In the Senate, only two of the eight incoming members have never before served in an elective office: Alabama’s Katie Britt* (R) and J.D. Vance(R) of Ohio. The six others first include Sen. Padilla who was a member of the Los Angeles City Council, the California state Senate, and served as Secretary of State before Gov. Gavin Newsom (D) appointed him to replace then-Senator Kamala Harris who resigned her California position upon election as Vice President. 

Pennsylvania’s John Fetterman (D) was the state’s Lt. Governor and a local Mayor in the Pittsburgh area. Senator Eric Schmitt* (R) held the positions of Missouri state Treasurer and Attorney General after serving as a member of the state Senate.

The remaining freshmen, Ted Budd* (R-NC), Markwayne Mullin* (R-OK), and Peter Welch (D-VT), all enter the Senate directly from serving in the House of Representatives.

Among the incoming House members are 26 females, 18 of whom are Democrats as compared to eight Republicans.
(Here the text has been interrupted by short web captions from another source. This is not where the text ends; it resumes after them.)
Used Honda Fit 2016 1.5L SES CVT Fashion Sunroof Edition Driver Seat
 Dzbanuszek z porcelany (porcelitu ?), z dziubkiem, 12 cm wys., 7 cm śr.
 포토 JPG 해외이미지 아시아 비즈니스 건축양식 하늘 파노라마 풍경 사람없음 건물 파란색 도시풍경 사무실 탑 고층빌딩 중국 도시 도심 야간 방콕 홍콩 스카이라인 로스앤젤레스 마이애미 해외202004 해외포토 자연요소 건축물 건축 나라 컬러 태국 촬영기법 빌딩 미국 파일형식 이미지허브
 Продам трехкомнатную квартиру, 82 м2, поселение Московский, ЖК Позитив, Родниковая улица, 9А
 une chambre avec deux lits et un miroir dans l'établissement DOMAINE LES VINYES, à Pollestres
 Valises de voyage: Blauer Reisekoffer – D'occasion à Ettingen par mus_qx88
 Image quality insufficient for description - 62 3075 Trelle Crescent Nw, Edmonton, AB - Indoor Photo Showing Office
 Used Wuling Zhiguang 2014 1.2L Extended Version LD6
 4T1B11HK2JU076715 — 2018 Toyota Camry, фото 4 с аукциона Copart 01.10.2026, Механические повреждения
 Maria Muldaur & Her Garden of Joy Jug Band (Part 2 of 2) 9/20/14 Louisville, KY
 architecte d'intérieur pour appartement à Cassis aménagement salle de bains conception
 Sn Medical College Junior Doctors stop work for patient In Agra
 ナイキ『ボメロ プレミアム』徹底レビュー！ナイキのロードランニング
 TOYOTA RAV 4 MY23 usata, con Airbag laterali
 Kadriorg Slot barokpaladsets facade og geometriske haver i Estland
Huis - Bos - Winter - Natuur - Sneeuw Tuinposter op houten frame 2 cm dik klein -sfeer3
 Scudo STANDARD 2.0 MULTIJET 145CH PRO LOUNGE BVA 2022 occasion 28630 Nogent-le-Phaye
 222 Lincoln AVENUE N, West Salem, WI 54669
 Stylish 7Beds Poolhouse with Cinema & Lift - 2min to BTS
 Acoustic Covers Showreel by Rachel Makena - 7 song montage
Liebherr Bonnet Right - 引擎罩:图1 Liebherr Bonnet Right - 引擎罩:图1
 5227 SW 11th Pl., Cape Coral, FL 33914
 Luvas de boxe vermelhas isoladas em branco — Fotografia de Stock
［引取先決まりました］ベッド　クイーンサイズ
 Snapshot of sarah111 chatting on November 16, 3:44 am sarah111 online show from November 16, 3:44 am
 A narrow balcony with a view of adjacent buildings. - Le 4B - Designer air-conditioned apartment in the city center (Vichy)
Overall, 124 women will comprise the 118th House of Representatives, 91 Democrats and 33 Republicans. This aggregate number represents a regression of two seats from the previous Congress. Another female, Virginia state Senator Jennifer McClellan (D-Richmond), is the prohibitive favorite to win the February special election to replace the late Rep. Donald McEachin (D-Richmond), however.

The new Senate will feature 25 women of its 100 members, 15 Democrats, 9 Republicans, and Arizona’s Kyrsten Sinema who was elected as a Democrat in 2018 but has since become an Independent.

Within the new House freshman class, we see 14 African American members, a dozen of whom are Democrats. The new Hispanic members, which number 13, are more evenly divided on a partisan basis. The Hispanic caucus will add seven new Democrats and six new Republicans. 

Two new members are Asian, both Democrats, and one, Alaska at-large Rep. Mary Peltola (D-Bethel) who won the August special election to replace the late Rep. Don Young* (R), hails from the indigenous tribal regions of the state.